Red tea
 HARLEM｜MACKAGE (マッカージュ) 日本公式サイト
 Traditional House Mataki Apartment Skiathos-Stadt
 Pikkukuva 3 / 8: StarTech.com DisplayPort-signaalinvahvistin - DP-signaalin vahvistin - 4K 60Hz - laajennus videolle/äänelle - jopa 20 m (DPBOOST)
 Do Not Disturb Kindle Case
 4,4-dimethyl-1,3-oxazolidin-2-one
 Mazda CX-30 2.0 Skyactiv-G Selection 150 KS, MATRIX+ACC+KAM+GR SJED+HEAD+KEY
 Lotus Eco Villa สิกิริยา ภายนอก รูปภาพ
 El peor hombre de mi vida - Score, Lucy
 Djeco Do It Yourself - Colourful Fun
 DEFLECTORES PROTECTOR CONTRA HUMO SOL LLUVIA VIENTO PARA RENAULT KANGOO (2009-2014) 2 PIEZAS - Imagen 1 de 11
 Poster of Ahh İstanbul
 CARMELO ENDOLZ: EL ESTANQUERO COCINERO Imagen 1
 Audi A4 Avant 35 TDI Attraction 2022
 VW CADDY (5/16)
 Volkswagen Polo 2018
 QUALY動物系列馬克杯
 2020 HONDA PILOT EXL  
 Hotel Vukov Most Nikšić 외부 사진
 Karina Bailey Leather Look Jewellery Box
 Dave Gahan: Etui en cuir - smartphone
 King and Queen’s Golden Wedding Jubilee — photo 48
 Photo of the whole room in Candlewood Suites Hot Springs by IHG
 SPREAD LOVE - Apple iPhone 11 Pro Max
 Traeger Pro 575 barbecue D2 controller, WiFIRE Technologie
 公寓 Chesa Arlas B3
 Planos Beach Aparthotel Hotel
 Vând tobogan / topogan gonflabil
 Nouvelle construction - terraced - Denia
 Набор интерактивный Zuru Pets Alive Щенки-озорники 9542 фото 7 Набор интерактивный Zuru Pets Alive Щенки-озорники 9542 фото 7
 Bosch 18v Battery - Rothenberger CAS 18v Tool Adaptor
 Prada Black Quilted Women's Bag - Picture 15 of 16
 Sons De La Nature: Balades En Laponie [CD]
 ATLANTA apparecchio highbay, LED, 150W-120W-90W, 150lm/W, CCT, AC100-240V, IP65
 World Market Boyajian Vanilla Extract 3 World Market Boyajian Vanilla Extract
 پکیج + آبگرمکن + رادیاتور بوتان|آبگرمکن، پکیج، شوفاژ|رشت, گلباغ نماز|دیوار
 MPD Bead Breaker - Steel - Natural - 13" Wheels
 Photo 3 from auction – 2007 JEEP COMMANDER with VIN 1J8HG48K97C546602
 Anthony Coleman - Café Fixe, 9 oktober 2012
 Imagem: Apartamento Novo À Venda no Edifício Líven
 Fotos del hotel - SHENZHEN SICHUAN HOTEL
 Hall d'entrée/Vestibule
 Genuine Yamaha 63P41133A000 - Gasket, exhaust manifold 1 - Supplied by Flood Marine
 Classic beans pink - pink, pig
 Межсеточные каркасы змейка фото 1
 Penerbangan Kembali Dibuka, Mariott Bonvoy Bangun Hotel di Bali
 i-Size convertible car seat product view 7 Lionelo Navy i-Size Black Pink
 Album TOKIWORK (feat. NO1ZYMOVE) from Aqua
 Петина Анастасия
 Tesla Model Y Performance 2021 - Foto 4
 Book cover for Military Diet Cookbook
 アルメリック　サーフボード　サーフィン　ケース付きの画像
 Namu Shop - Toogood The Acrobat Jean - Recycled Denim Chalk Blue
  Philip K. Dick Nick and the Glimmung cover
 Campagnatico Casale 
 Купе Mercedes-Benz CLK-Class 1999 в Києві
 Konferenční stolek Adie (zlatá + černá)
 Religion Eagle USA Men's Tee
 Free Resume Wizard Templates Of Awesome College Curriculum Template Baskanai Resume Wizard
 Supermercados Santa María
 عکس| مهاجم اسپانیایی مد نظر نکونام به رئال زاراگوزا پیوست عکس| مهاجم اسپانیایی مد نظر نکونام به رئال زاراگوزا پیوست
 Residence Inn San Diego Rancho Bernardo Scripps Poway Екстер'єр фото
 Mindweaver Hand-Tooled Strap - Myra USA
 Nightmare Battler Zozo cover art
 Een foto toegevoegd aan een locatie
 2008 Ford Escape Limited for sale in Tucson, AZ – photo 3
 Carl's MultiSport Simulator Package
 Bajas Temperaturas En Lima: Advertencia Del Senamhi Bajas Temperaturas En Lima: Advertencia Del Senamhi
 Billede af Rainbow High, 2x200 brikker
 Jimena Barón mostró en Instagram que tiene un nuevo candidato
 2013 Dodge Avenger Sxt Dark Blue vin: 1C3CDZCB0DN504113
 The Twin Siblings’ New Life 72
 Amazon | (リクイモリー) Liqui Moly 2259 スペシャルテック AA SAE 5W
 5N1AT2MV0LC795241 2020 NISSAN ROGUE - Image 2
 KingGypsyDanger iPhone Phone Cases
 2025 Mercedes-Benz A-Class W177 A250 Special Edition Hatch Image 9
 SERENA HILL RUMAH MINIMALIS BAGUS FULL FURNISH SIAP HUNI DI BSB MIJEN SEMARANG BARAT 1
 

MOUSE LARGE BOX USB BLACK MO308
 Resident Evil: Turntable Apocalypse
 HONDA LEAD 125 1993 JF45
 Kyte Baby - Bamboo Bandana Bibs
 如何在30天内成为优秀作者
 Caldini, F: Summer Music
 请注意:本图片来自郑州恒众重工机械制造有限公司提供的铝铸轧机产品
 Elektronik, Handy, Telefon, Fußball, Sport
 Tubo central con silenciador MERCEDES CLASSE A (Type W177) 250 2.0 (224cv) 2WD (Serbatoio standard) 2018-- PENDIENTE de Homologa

◇ ◇ ◇ ◇ ◇ ◇ ◇

TASK DIRECTIONS »
All records are to be printed again, exactly and completely.

RESPONSE BELOW »
Red tea
 HARLEM｜MACKAGE (マッカージュ) 日本公式サイト
 Traditional House Mataki Apartment Skiathos-Stadt
 Pikkukuva 3 / 8: StarTech.com DisplayPort-signaalinvahvistin - DP-signaalin vahvistin - 4K 60Hz - laajennus videolle/äänelle - jopa 20 m (DPBOOST)
 Do Not Disturb Kindle Case
 4,4-dimethyl-1,3-oxazolidin-2-one
 Mazda CX-30 2.0 Skyactiv-G Selection 150 KS, MATRIX+ACC+KAM+GR SJED+HEAD+KEY
 Lotus Eco Villa สิกิริยา ภายนอก รูปภาพ
 El peor hombre de mi vida - Score, Lucy
 Djeco Do It Yourself - Colourful Fun
 DEFLECTORES PROTECTOR CONTRA HUMO SOL LLUVIA VIENTO PARA RENAULT KANGOO (2009-2014) 2 PIEZAS - Imagen 1 de 11
 Poster of Ahh İstanbul
 CARMELO ENDOLZ: EL ESTANQUERO COCINERO Imagen 1
 Audi A4 Avant 35 TDI Attraction 2022
 VW CADDY (5/16)
 Volkswagen Polo 2018
 QUALY動物系列馬克杯
 2020 HONDA PILOT EXL  
 Hotel Vukov Most Nikšić 외부 사진
 Karina Bailey Leather Look Jewellery Box
 Dave Gahan: Etui en cuir - smartphone
 King and Queen’s Golden Wedding Jubilee — photo 48
 Photo of the whole room in Candlewood Suites Hot Springs by IHG
 SPREAD LOVE - Apple iPhone 11 Pro Max
 Traeger Pro 575 barbecue D2 controller, WiFIRE Technologie
 公寓 Chesa Arlas B3
 Planos Beach Aparthotel Hotel
 Vând tobogan / topogan gonflabil
 Nouvelle construction - terraced - Denia
 Набор интерактивный Zuru Pets Alive Щенки-озорники 9542 фото 7 Набор интерактивный Zuru Pets Alive Щенки-озорники 9542 фото 7
 Bosch 18v Battery - Rothenberger CAS 18v Tool Adaptor
 Prada Black Quilted Women's Bag - Picture 15 of 16
 Sons De La Nature: Balades En Laponie [CD]
 ATLANTA apparecchio highbay, LED, 150W-120W-90W, 150lm/W, CCT, AC100-240V, IP65
 World Market Boyajian Vanilla Extract 3 World Market Boyajian Vanilla Extract
 پکیج + آبگرمکن + رادیاتور بوتان|آبگرمکن، پکیج، شوفاژ|رشت, گلباغ نماز|دیوار
 MPD Bead Breaker - Steel - Natural - 13" Wheels
 Photo 3 from auction – 2007 JEEP COMMANDER with VIN 1J8HG48K97C546602
 Anthony Coleman - Café Fixe, 9 oktober 2012
 Imagem: Apartamento Novo À Venda no Edifício Líven
 Fotos del hotel - SHENZHEN SICHUAN HOTEL
 Hall d'entrée/Vestibule
 Genuine Yamaha 63P41133A000 - Gasket, exhaust manifold 1 - Supplied by Flood Marine
 Classic beans pink - pink, pig
 Межсеточные каркасы змейка фото 1
 Penerbangan Kembali Dibuka, Mariott Bonvoy Bangun Hotel di Bali
 i-Size convertible car seat product view 7 Lionelo Navy i-Size Black Pink
 Album TOKIWORK (feat. NO1ZYMOVE) from Aqua
 Петина Анастасия
 Tesla Model Y Performance 2021 - Foto 4
 Book cover for Military Diet Cookbook
 アルメリック　サーフボード　サーフィン　ケース付きの画像
 Namu Shop - Toogood The Acrobat Jean - Recycled Denim Chalk Blue
  Philip K. Dick Nick and the Glimmung cover
 Campagnatico Casale 
 Купе Mercedes-Benz CLK-Class 1999 в Києві
 Konferenční stolek Adie (zlatá + černá)
 Religion Eagle USA Men's Tee
 Free Resume Wizard Templates Of Awesome College Curriculum Template Baskanai Resume Wizard
 Supermercados Santa María
 عکس| مهاجم اسپانیایی مد نظر نکونام به رئال زاراگوزا پیوست عکس| مهاجم اسپانیایی مد نظر نکونام به رئال زاراگوزا پیوست
 Residence Inn San Diego Rancho Bernardo Scripps Poway Екстер'єр фото
 Mindweaver Hand-Tooled Strap - Myra USA
 Nightmare Battler Zozo cover art
 Een foto toegevoegd aan een locatie
 2008 Ford Escape Limited for sale in Tucson, AZ – photo 3
 Carl's MultiSport Simulator Package
 Bajas Temperaturas En Lima: Advertencia Del Senamhi Bajas Temperaturas En Lima: Advertencia Del Senamhi
 Billede af Rainbow High, 2x200 brikker
 Jimena Barón mostró en Instagram que tiene un nuevo candidato
 2013 Dodge Avenger Sxt Dark Blue vin: 1C3CDZCB0DN504113
 The Twin Siblings’ New Life 72
 Amazon | (リクイモリー) Liqui Moly 2259 スペシャルテック AA SAE 5W
 5N1AT2MV0LC795241 2020 NISSAN ROGUE - Image 2
 KingGypsyDanger iPhone Phone Cases
 2025 Mercedes-Benz A-Class W177 A250 Special Edition Hatch Image 9
 SERENA HILL RUMAH MINIMALIS BAGUS FULL FURNISH SIAP HUNI DI BSB MIJEN SEMARANG BARAT 1
 

MOUSE LARGE BOX USB BLACK MO308
 Resident Evil: Turntable Apocalypse
 HONDA LEAD 125 1993 JF45
 Kyte Baby - Bamboo Bandana Bibs
 如何在30天内成为优秀作者
 Caldini, F: Summer Music
 请注意:本图片来自郑州恒众重工机械制造有限公司提供的铝铸轧机产品
 Elektronik, Handy, Telefon, Fußball, Sport
 Tubo central con silenciador MERCEDES CLASSE A (Type W177) 250 2.0 (224cv) 2WD (Serbatoio standard) 2018-- PENDIENTE de Homologa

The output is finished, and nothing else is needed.